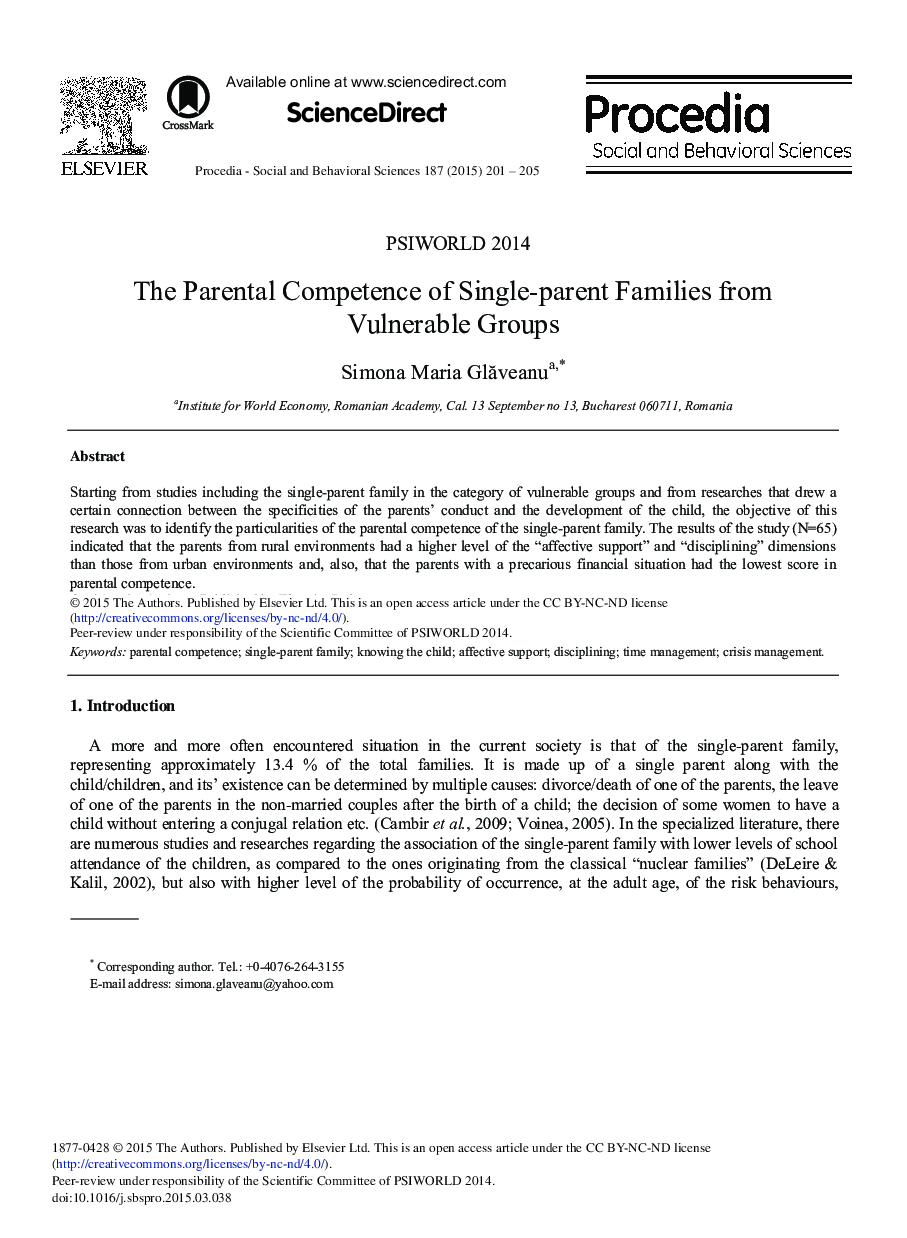 The Parental Competence of Single-parent Families from Vulnerable Groups 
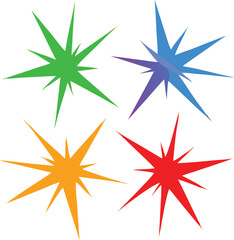 Four vibrant starburst shapes in red orange green and blue colors high quality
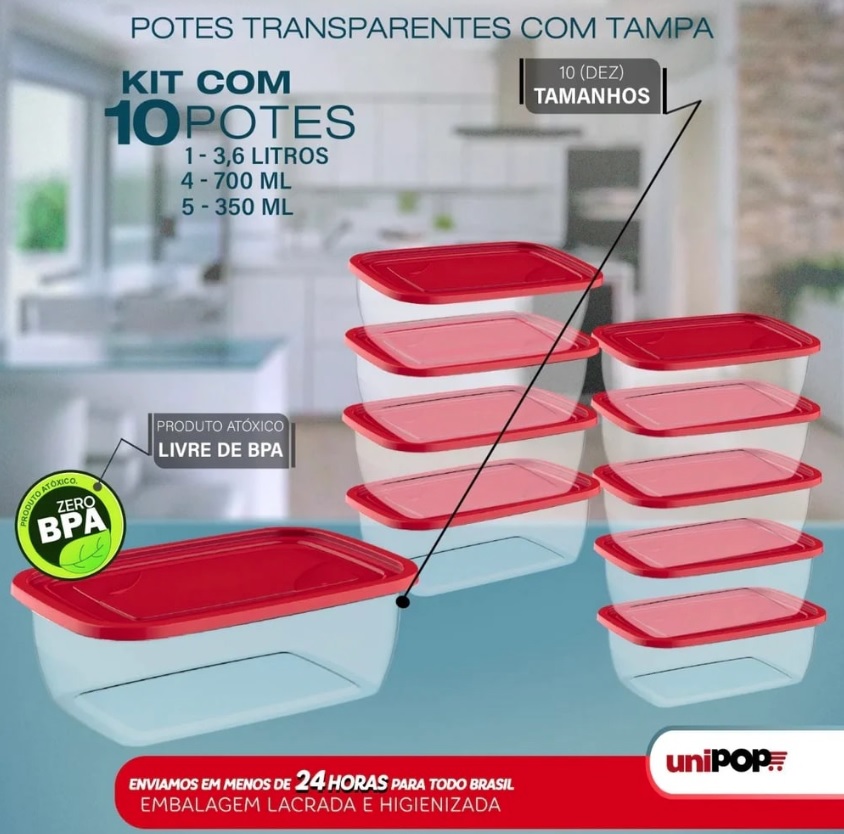 Kit 10 Potes Transparentes Com Tampa vermelho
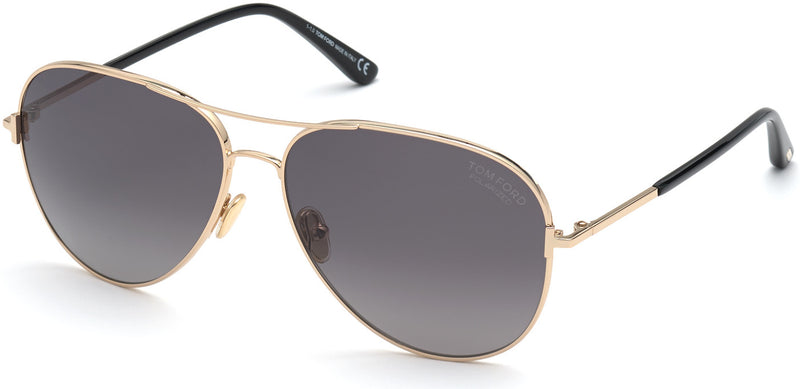 TOM FORD CLARK - SHINY ROSE GOLD/BLACK POLARIZED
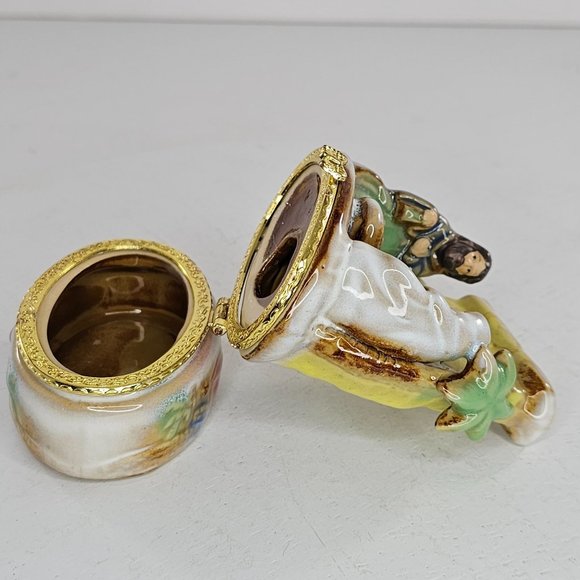 Nativity Scene Trinket Box Hinged Ceramic Mary Joseph Baby Jesus - Picture 10 of 10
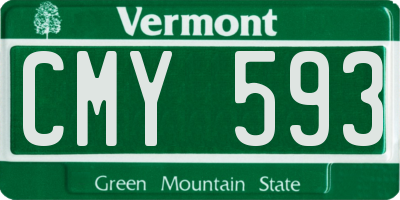VT license plate CMY593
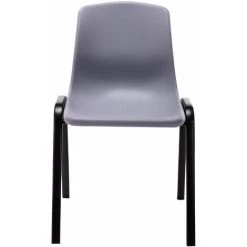 CLP Lot De 4 Chaises Empilables Nowra Avec Assise En Plastique Et Piètement En Métal Noir Mat Gris -banc et tabouret Soldes Boutique 20031491 2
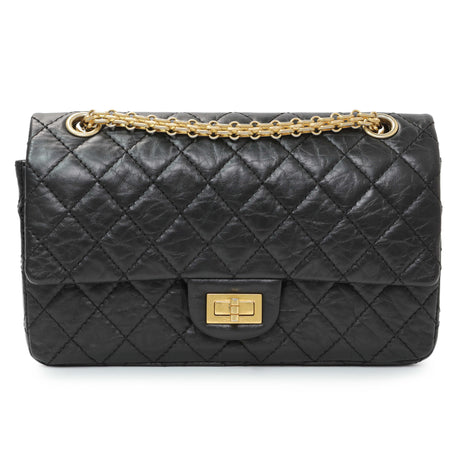 Chanel Black Aged Calfskin Quilted 2.55 Reissue 225 Flap Handbags Chanel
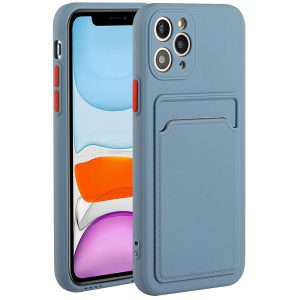 Huawei P50 Pro, Szilikon tok, kártyatartóval, Wooze Card Slot, leander-szürke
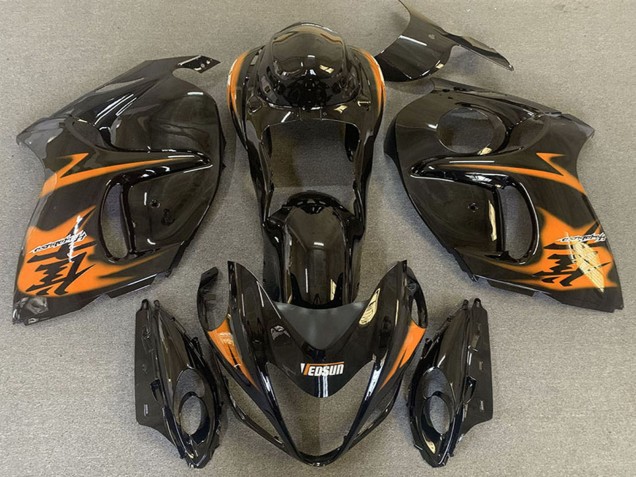 Rabatt Suzuki GSXR 1300 Motorrad Verkleidung 2008-2020 - Glanzendes Schwarz Orange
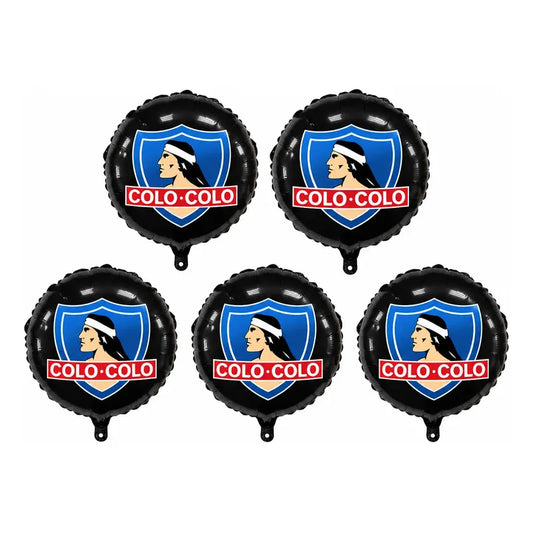 Pack 5 Globos Metálicos Colo-colo Fiesta Cotillón Cumpleaños Negro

....

### What this task involves
Up to and including the line with "CLP Lot De 4", repeat every line from the top of the entries exactly, but not the pictures.

### Solution to the exercise
 The Parental Competence of Single-parent Families from Vulnerable Groups 
 Four vibrant starburst shapes in red orange green and blue colors high quality
 Kit 10 Potes Transparentes Com Tampa vermelho
 TOM FORD CLARK - SHINY ROSE GOLD/BLACK POLARIZED
 Nativity Scene Trinket Box Hinged Ceramic Mary Joseph Baby Jesus - Picture 10 of 10
VT license plate CMY593
 CLP Lot De 4 Chaises Empilables Nowra Avec Assise En Plastique Et Piètement En Métal Noir Mat Gris -banc et tabouret Soldes Boutique 20031491 2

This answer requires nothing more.